Ein Orchester wie eine Big Band
Manchmal rutschte die Ruhrtriennale zwischen die Stühle. Teodor Currentzis dirigierte Richard Wagners "Rheingold" effektvoll, energiegeladen und mitreißend. Manchmal stand das Orchester sogar auf wie eine Big Band. Das begeisterte viele Zuschauer. Aber manche Großkritiker, die ihr inzwischen vielleicht 50. "Rheingold" hörten, vermissten musikalisch die intellektuelle Durchdringung und Feinschattierung. In der überregionalen Presse hagelte es Verrisse. Dennoch hat Johan Simons in seiner ersten Spielzeit sehr viel richtig gemacht. Die Zeche Lohberg in Dinslaken ist ein wunderbarer neuer Spielort, die Verbindung von Pasolinis Film "Accattone" mit Kantaten Johann Sebastian Bachs gelang vorzüglich.

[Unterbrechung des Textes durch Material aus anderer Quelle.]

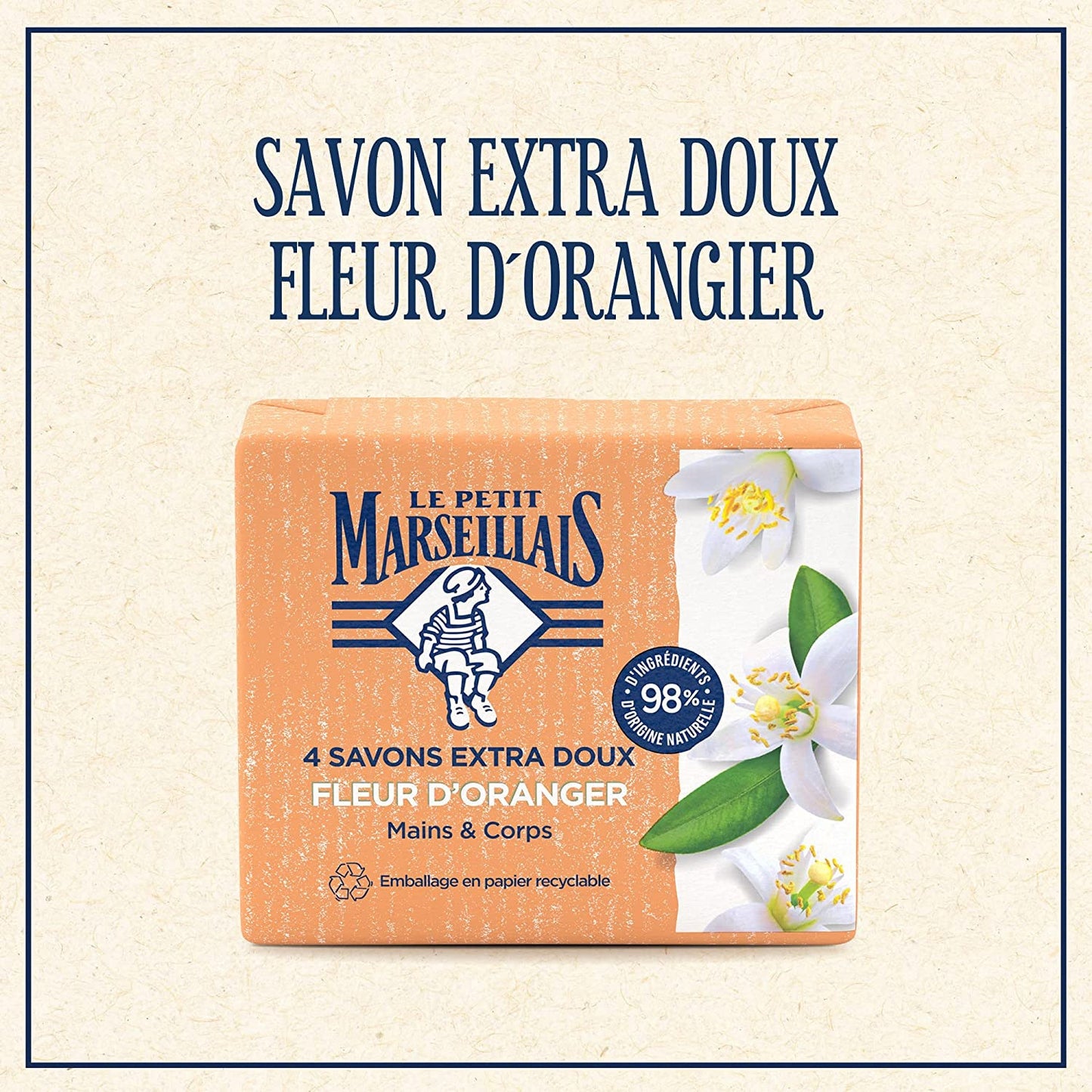 Savon Solide Mains Corps Extra Doux Fleur d'Oranger LE PETIT MARSEILLAIS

Und auch das ruppige, raue "Rheingold" ist ein wagemutiger Schritt in Richtung einer Verschmelzung von Oper und Schauspiel.

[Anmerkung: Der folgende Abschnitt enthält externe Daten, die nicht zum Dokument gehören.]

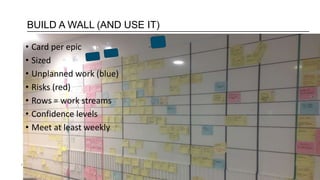7
• Card per epic
• Sized
• Unplanned work (blue)
• Risks (red)
• Rows = work streams
• Confidence levels
• Meet at least weekly
BUILD A WALL (AND USE IT)
 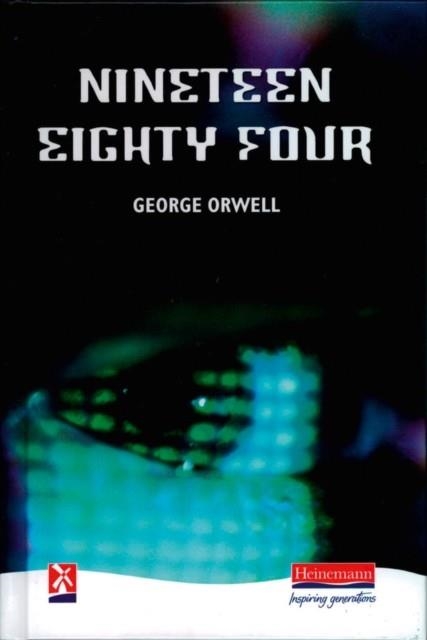 GEORGE ORWELL - NINETEEN EIGHTY-FOUR | 9780435123574 | GEORGE ORWELL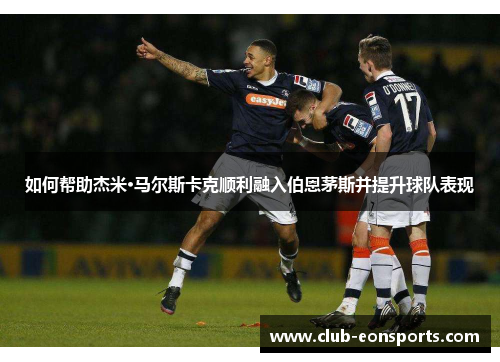 如何帮助杰米·马尔斯卡克顺利融入伯恩茅斯并提升球队表现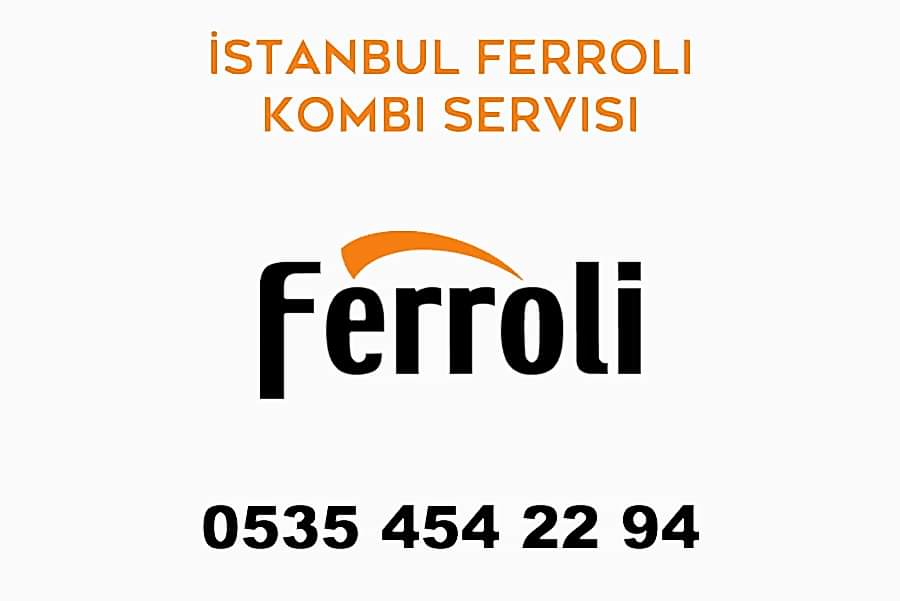 Ferroli Kombi Servisi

Johan Simons hat die Ruhrtriennale seit ihrer Gründung mitgeprägt, schon mit dem ersten Intendanten Gérard Mortier suchte er Spielorte aus und entwickelte Projekte. Simons greift nun viele Ideen Mortiers wieder auf, er will Geschichten erzählen, die mit der Region zu tun haben und dennoch einen großen Kosmos eröffnen. Das gelingt, wenn Künstler die Orte ernst nehmen und sie zu Mitspielern werden lassen. Wenn sie einfach nur Kulissen in die Zechen und Hallen hinein bauen, weil sie danach auf Tour gehen und schon den nächsten Spielort im Hinterkopf haben, geht das daneben. Besonders unangenehm scheiterte Suzanne Kennedy mit "Orfeo", einer verkopften Installation über das Sterben, die inzwischen auch bei den Berliner Festspielen zu sehen war.

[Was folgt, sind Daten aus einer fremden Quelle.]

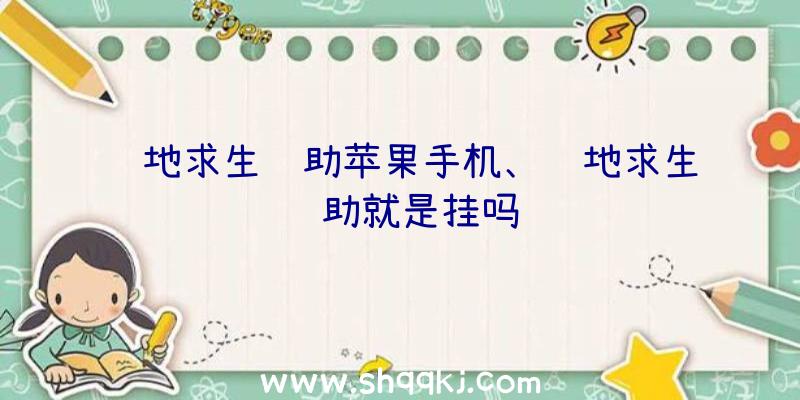 绝地求生辅助苹果手机、绝地求生辅助就是挂吗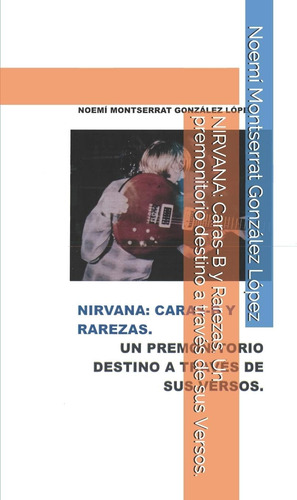 Libro: Nirvana: Caras-b Y Rarezas. Un Premonitorio Destino A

Als Abstecherort für den internationalen Festivalzirkus taugt die Ruhrtriennale nicht. Wer hier Erfolg haben will, muss sich mit aller Kraft und Kreativität auf das Ruhrgebiet und die Aura der Industriedenkmäler einlassen. Dann können grandiose Erlebnisse entstehen. Johan Simons hat das geschafft, bei manchen anderen Regieteams war diese Bereitschaft nicht so deutlich zu erkennen. Wahrscheinlich liegt hier auch ein Grund des Kommunikationsproblems: Wenn Kunst in der Auseinandersetzung mit dem Ruhrgebiet entsteht, ist es auch leichter, ihren Reiz an Menschen zu vermitteln, die nicht zu den üblichen Verdächtigen gehören.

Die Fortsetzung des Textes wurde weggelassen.